Computer modeling demonstrates how using two drugs in combination works. “Combinations kill more of the resistant worms,” said Kaplan. “Any worm that survives drug A is killed by drug B. It’s eliminating the resistant worms from the population; they can’t reproduce and it’s more sustainable. But to get the benefits of refugia, you have to maximize efficacy, and if you maximize efficacy, you also need refugia to prevent multiple drug resistance.”

Kaplan said farmers won’t likely notice any immediate difference with combination treatments and may not think they need to use a combination because their program seems to be working fine. “If you have 98% efficacy, 2% of the worms are surviving,” he explained. “If you use two drugs, both at 98%, then you’re up to 99.96%. Now you have only 0.04% surviving, which means 50 times fewer resistant worms surviving. That’s going to greatly decrease the evolution of drug resistance. If you continue using the drug with 98%, it’s going to rapidly fall to 95% to 90% to 80% to 60% within just a few years. But using two drugs in combination and getting 50-fold dilution, you will probably have high efficacy for decades before resistance becomes a problem. The difference between the percent of worms killed is not that great – only about 2% more – but the percent of resistant worms surviving is hugely different. This is how refugia along with high efficacy with combinations works.”

Whether or not they’re aware of a problem, Kaplan said most farms already have resistance to at least one drug. In that case, studies show that combinations are still effective. “If we use one drug alone with low refugia, resistance happens quickly,” he said. “If we add a drug that only added 50% to that drug, if we use it by itself it won’t last long.
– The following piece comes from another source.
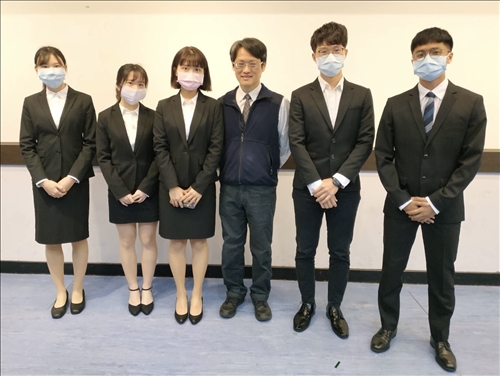 講者與接待組同學合照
If combined with a drug that has only 50% efficacy, resistance evolves slowly – more years of using that combination before resistance is a problem.”

Kaplan said if today’s strategies had been initiated a decade ago, we’d be in a lot better shape, but it isn’t too late. “If we get into these habits now, it will help prevent Ostertagia resistance from exploding,” he said. “Also, when we finally get new drugs, we’ll be in the habit of using them differently. When we do get a new drug, it’s going to be a long time before we get another new drug and we don’t want to burn it out quickly.”

All the evidence shows that a combination of strategies will slow resistance. But these strategies are more complicated than routine deworming and there’s no one size fits all. Cattle producers should work with their herd veterinarian, and vets need to be informed so they can provide the best advice.

“Ultimately, these strategies should result in healthier, better-managed cattle,” said Kaplan, “which will increase profits and consumer confidence that drugs are being used responsibly.”